They called in at 9:16 am. The call was made to the State DOT. U know and I know that there is no one at the office until at least 830 and wont pick up the phone until they have had at least 3 cups of coffee[:D]
CP should have sent an email to NY DOT within the specified time frame to avoid the fine. Also, I find it hard to believe that a populous and progressive state like New York would have no one on staff to take emergency calls like this after normal work hours. At the very least they should have called 911 so that someone there could get in touch with DOT. Would CP have waited until 9:16 am had the tank cars exploded? Somehow I doubt it
The CP knows who to call and trust me the state has somebody to answer the phone 24x7. Their processes just failed. At one time my job was to notify state and federal agencies of accidents (NY was not one of the states and the CP was not the railroad) and trust me this isn’t either the CP’s or the state’s first rodeo.
Took me about 20 minutes to find the number and procedures page ( 1 page, approx. 41 KB electronic file size) - not real easy, but not impossible, either:
“Call 1-800-TO NYDOT (1-800-866-9368)” - says it’s monitored 24 hrs. a day.

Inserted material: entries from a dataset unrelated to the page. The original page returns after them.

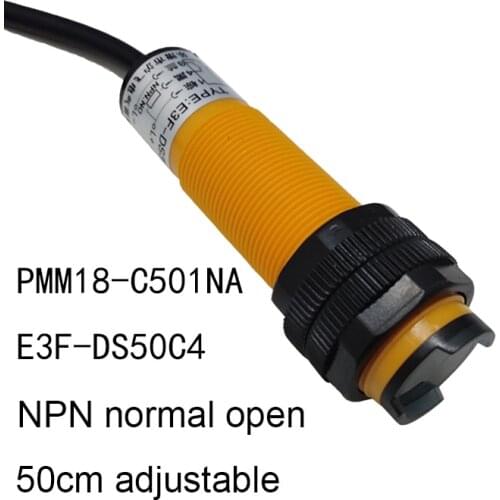 Optical-Electronics Sensor Diffuse reflection 50CM adjustable test distance NPN normal open PMM18-C501NA sensor switch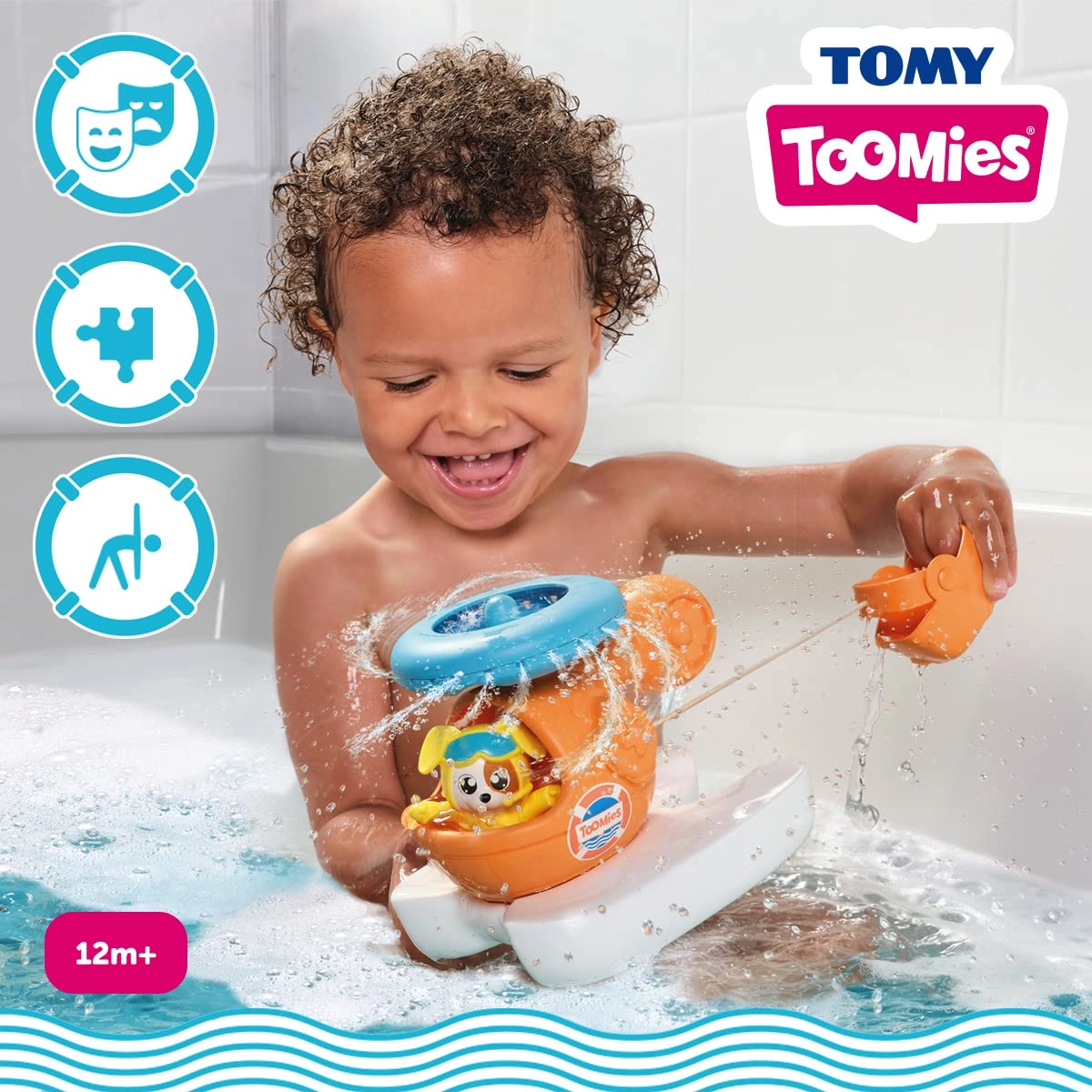 E73305C Splash & Rescue Helicopter - Water Spinning Squirting Pilot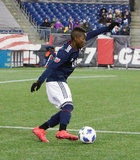 Luis Caicedo (27) during New England Revolution and FC Dallas MLS match at Gillette Stadium in Foxboro, MA on Saturday, April 14, 2018. Revs lost 0-1. CREDIT/ CHRIS ADUAMA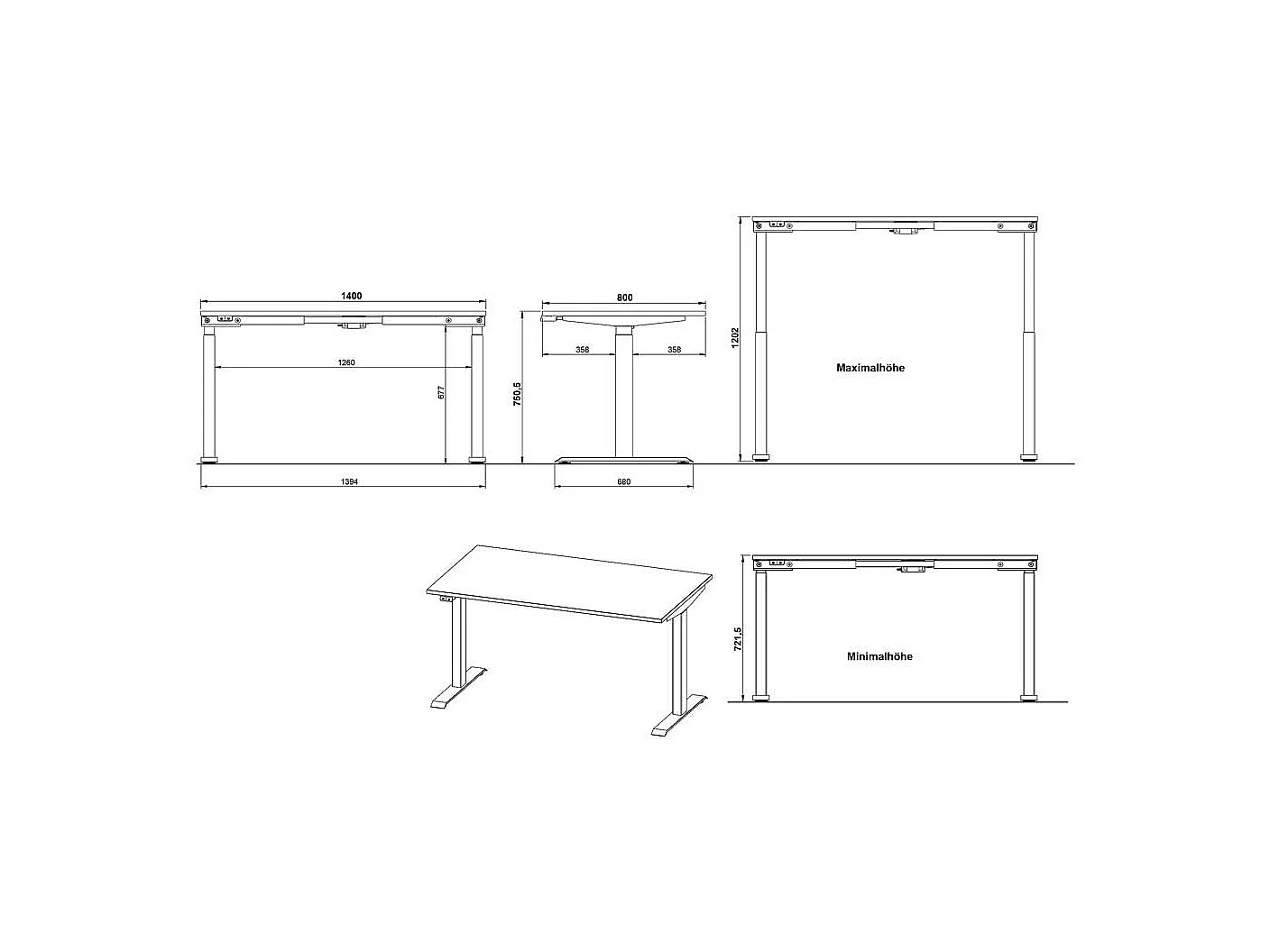 Schreibtisch Höhenverstellbarer Schreibtisch in Schwarz und Dunkelgrau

Would expect that it’s hung on a wall or bulletin board at all rail offices in the state . . .
- Paul North.
That’s really old school.
Most of the bigger roads have a central reporting center, the field calls the center and then goes back to cleaning things up, the call center takes care of notifying all the appropriate agencies and documents when the calls were made.
Agreed, but: A minor yard derailment - which this really was, could have been handled by the local Mechanical Dept. “block truck” and M/W guys with a big pickup truck, hand tools, and maybe a backhoe, etc. - might not have otherwise justified notifying the central reporting center. If this becomes the ‘new normal’, information/ communications overload becomes a concern. The $5,000 fine might be cheaper in the long run . . . it’s “political theatre” anyway, but that’s another topic.
- Paul North.
In today’s Class 1’s - if a wheel hits the ground - headquarters gets notified.